Assignment:
Starting at the line that contains "2023 Chevrolet Colorado", write out each line through the end of the data below, exactly as it stands. Skip any pictures.

[Data records]
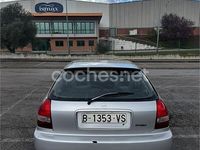 Usado Honda Civic LS 114 CV (83 kW) 1999 Gris / plata Berlina
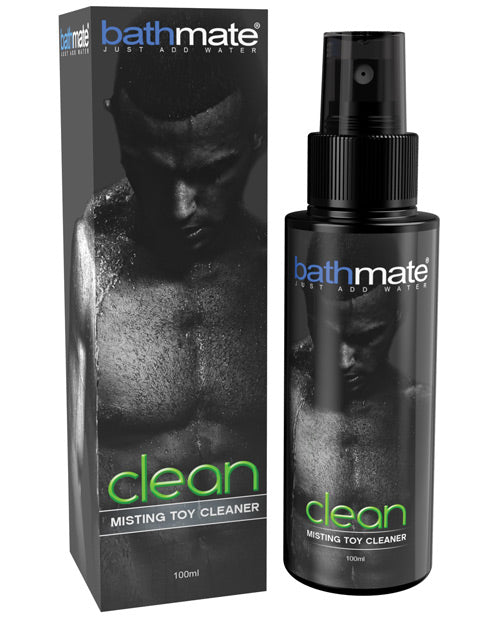 Clean Misting Toy Cleaner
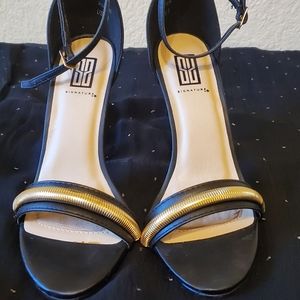 COPY - Black Auden Heels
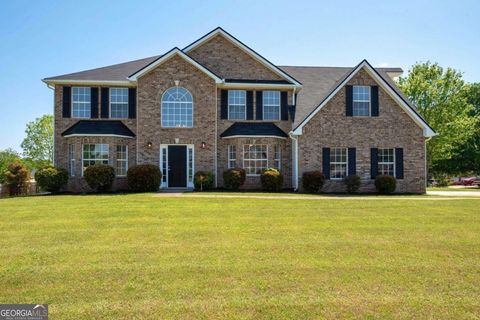 9482 Deer Crossing LN Jonesboro GA 30236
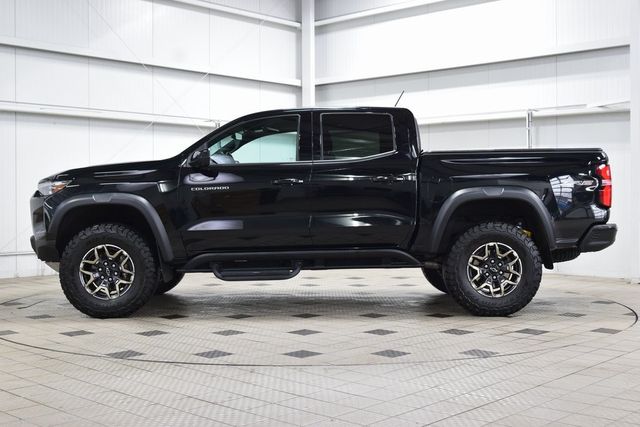 2023 Chevrolet Colorado 4WD Crew Cab ZR2 - 22983909 - 3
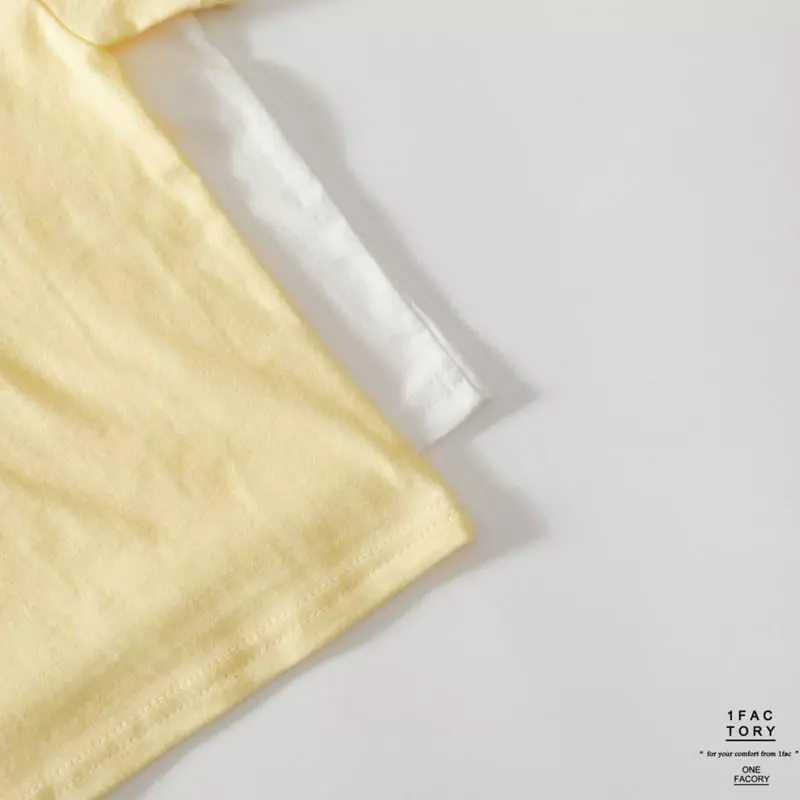 1 Fac - Korean Children Fashion - #designkidswear - Good Vibe Smile Tee - 10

Final answer:
 2023 Chevrolet Colorado 4WD Crew Cab ZR2 - 22983909 - 3
 1 Fac - Korean Children Fashion - #designkidswear - Good Vibe Smile Tee - 10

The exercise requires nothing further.